After that I read "The Fall of the Dynasties" by Edmond Taylor. I think this must have been one of the source texts for the TV series, "Fall of Eagles"; the chapter structure of the book paralleled the episodes of the series in a lot of cases. I don't think the series ever very clearly showed what happened to the Austo-Hungarian monarchy - it just sort of petered out at the end. The book also contained a single chapter on the collapse of the Ottoman Empire.
I had to hurry to finish this book in time for the arrival of the Harry Potter book, but that one I read in about 24 hours, and then I went on to "The War Against Boys" by Christina Hoff Sommers. Very interesting, and I doubt things have improved much in the 8 years or so since it was first published.
The book I just finished was "The Birth of Shylock and the Death of Zero Mostel" by Arnold Wesker. It reminded me a bit of the description of 'Lost in La Mancha', the documentary film about Terry Gilliam's failed attempt to make a Don Quixote movie where everything goes totally, horribly wrong. In 1977, Wesker writes what he feels to be his magnum opus, an alternate view of the world of Shakespeare's 'Merchant of Venice', where Shylock is the misunderstood hero. The production is taken up by fellow Englishman John Dexter, who is determined to stage it on Broadway with Zero Mostel in the title role.

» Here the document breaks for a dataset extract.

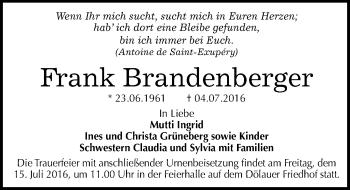 Traueranzeige von Frank Brandenberger von Mitteldeutsche Zeitung Halle/Saalkreis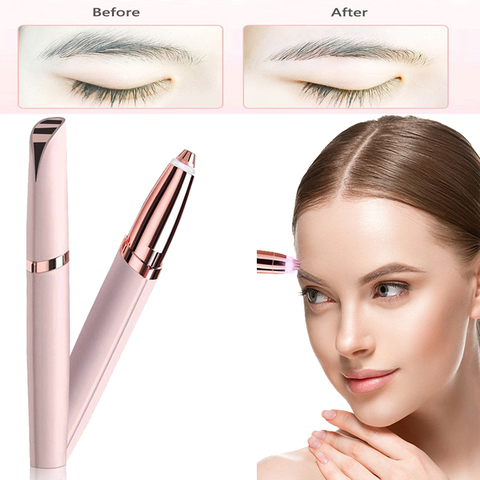 Eyebrow Hair Trimmer Removal Pens Painless Hair Shaver Mini Hair Cutting Shaver Machine Battery Epilator Facial Portable Woman ► Photo 1/6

One thing after another goes wrong. Actors sabotage lines and interpretations that they don't like, Dexter abuses everyone involved, Zero can't play a believable 16th-century Venetian Jew, he's just a flamboyant American Jew from the Bronx who hams it up and garbles his lines. But everyone is convinced they're making history. They make it through one out-of-town preview performance in Philadelphia and then...Zero Mostel dies. The show must go on, so they recast his role, but after this everything starts going to hell in a handbasket, and they finally struggle through endless cuts and rewrites to premiere on Broadway. A bad review in the NY Times, and it's all over.
It's an amazing story, and opened my eyes to how much seat-of-the-pants jerryrigging goes on behind the scenes in professional theatre. Are all shows this chaotic? I suspect they are. Everyone comes out of it looking a bit like a jerk. It's not just the actors who are self-indulgent prima donnas; the writer is forever complaining that nobody understands him, and the director is a downright asshole. Ugh. Horrible, horrible people.
The book was good, but I have to say, the best and funniest "behind the scenes of a flop" story ever was written in the 1950s by S.J. Perelman in a short story called "Is There A Doctor In The Cast?". He follows the travails of an unemployed actor who snags a bit part in a Broadway show, only to watch the whole thing collapse under the weight of bad writing, acting and directing, not to mention cast conflicts and physical accidents: "I guess the director's attention was elsewhere, but at any rate our ballerina, Gemze de Lapidari, did a sudden tour jeté downstage, accidentally grazed against the ladder, and over went Fletcher into the orchestra pit. There was a simply appalling crash as he struck the music stands; it sounded exactly like my Uncle Ned backing through the wrong end of our garage the time he got drunk on zinfandel."